Try this concept. Yoctation, Zeptation, Autation, Femptation, Pication, Nanation, Micration, Millation, Centation, Negative Decation, Noventation, Negative Octation, Septation, Sexation, Quintation, Quadation, Negative Exponentiation, Division, Subtraction, Zeration, Addition, Multiplication, Exponentiation, Tetration, Pentation, Hexation, Heptation, Octation, Nonation, Decation, Hectation, Kilation, Megation, Gigation, Terration, Petation, Exation, Zettation and Yattation.

@RJL738 Sounds awesome.

First of all, the definition of a countable set is a bijective to the naturals. Claiming that a set isn't bijective to itself isn't possible in even the most minimal axiom systems.

Second of all, Cantor's diagonal is a general one about cardinality, the reals-naturals example is a classic result, but still an example. True, it's useful to functional analysis (and frankly, to all fields of math), but it's true home is set theory.

@Tikeslar I made a follow up to this video that clears some things up. It introduces the concept of beginningless numbers to show that the whole numbers are not countable if you classify beginningless numbers as whole numbers.
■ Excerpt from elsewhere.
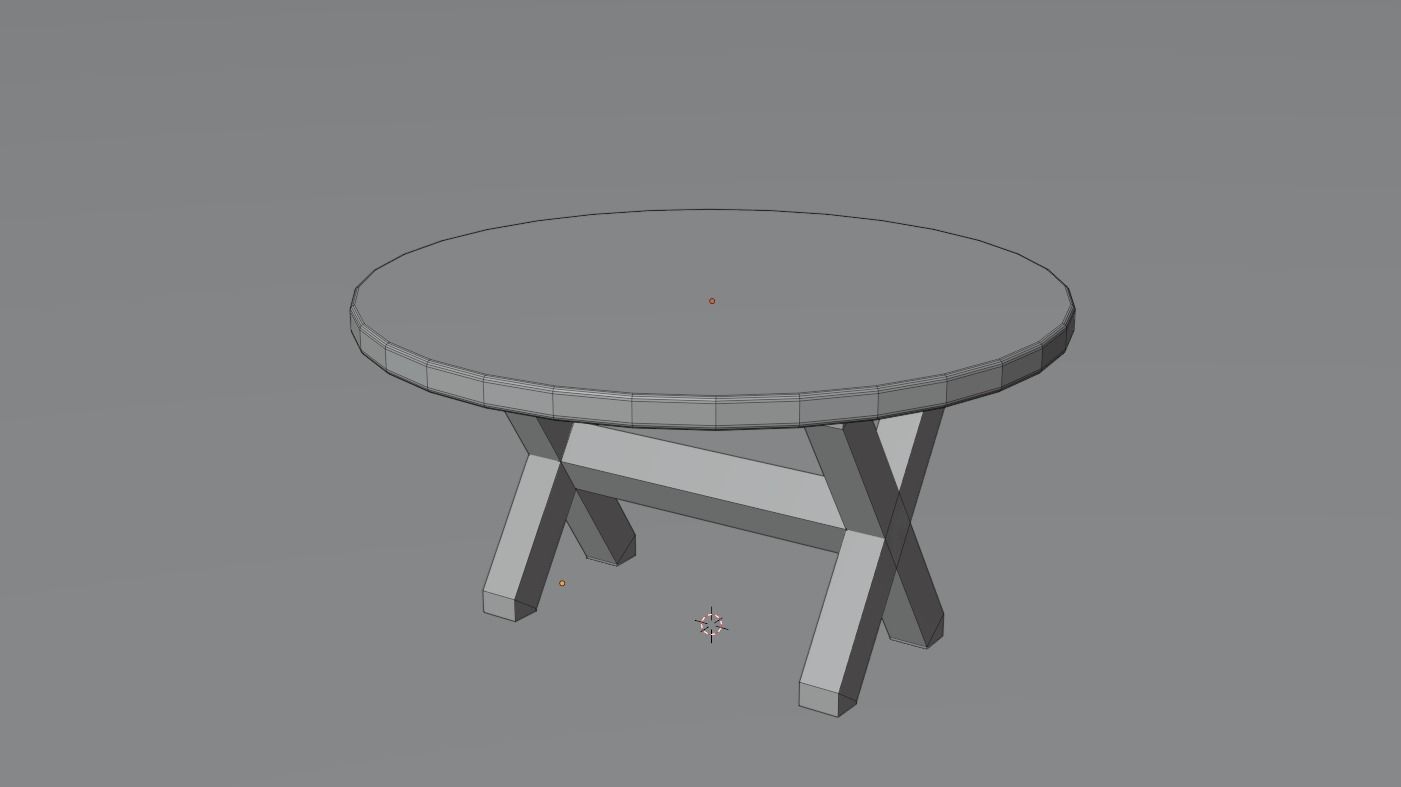 Circularity Wood Table Low-poly 3D model_4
The naturals probably wouldn't include these numbers.

I also made a video where I show that a two-to-one bijection exists between two particular sets where a one-to-one bijection also exists. This creates a problem for me.

@theboombody

The problem with your argument is that you say "beginningless numbers" can be classified as whole numbers. By doing this you have redefined whole numbers. The important thing to note here is that while whole numbers can counted infinitely, they by definition must have a least significant term. This is not the case with the Real numbers, which can by definition have no end.

Your argument only applies to your modified version of whole numbers.

@claymullis Well said. I have to make a distinction between natural numbers and whole numbers for my argument to work. For a while I actually took my own video seriously.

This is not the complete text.